Fiscal conservatives may not want to follow the leadership of Tony Blair and his second-in-command Gordon Brown, nor George Bush and the new American neo-con heading the World Bank, Paul Wolfowitz, but the simple fact is that these monies were not recoverable. I signed the petition to the G8 Summit leaders, but doubt it had any more value than that of a public confirmatory statement for what G8 had to do. All unpayable debt can do generate itself into an ever larger statistic; and on the dark side, if forgiven, fool other states into thinking they can wrack up any amount of debt they can hustle, and never pay. The middle-class clerical movement and leftwing outfits sponsoring the petition never once mentioned the serious ambiguity of urging the action we urged. On the other hand, the nations to be helped are in large part closer to status too aptly described by the cruel term "basket cases." But, they have all of them being debt-cancelled and helped in this round, this one redeeming feature beyond the basic co-humanity we all share - that is, they have maintained and in some cases imporived basic democratic insitutions thru all this difficulty. $40 billion dollars of debt have been erased from the books of international finanicial institutions, chiefly the World Bank.

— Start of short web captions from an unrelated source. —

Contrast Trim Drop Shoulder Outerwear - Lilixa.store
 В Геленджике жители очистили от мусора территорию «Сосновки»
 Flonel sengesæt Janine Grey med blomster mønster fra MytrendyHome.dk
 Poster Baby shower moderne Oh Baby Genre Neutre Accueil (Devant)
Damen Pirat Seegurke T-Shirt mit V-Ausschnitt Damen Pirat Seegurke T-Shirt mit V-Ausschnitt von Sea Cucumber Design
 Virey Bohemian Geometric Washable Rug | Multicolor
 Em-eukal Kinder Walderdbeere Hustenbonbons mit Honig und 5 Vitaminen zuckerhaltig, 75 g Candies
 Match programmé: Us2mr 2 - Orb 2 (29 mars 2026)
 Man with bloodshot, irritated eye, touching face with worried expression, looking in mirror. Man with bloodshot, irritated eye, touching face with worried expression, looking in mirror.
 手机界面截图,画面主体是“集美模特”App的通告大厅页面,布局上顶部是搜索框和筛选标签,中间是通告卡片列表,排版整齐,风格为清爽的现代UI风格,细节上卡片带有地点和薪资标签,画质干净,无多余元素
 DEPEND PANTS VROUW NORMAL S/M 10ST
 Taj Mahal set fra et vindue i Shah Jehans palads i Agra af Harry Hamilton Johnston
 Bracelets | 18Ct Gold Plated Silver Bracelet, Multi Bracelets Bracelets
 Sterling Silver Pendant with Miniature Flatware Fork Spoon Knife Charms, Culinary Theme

Now, this act does not result magicallty in proposperity for the 18 nations who benefit. In a way, the benefit is merely to remove the bad ink, rather the bad digits following their names in the computerized ledgers of the account-keeping bodies.
And those bodies have to write off as well those same figures as "assets," if long ago they neglected to have done so. Perhaps a little reality for some of them, as well.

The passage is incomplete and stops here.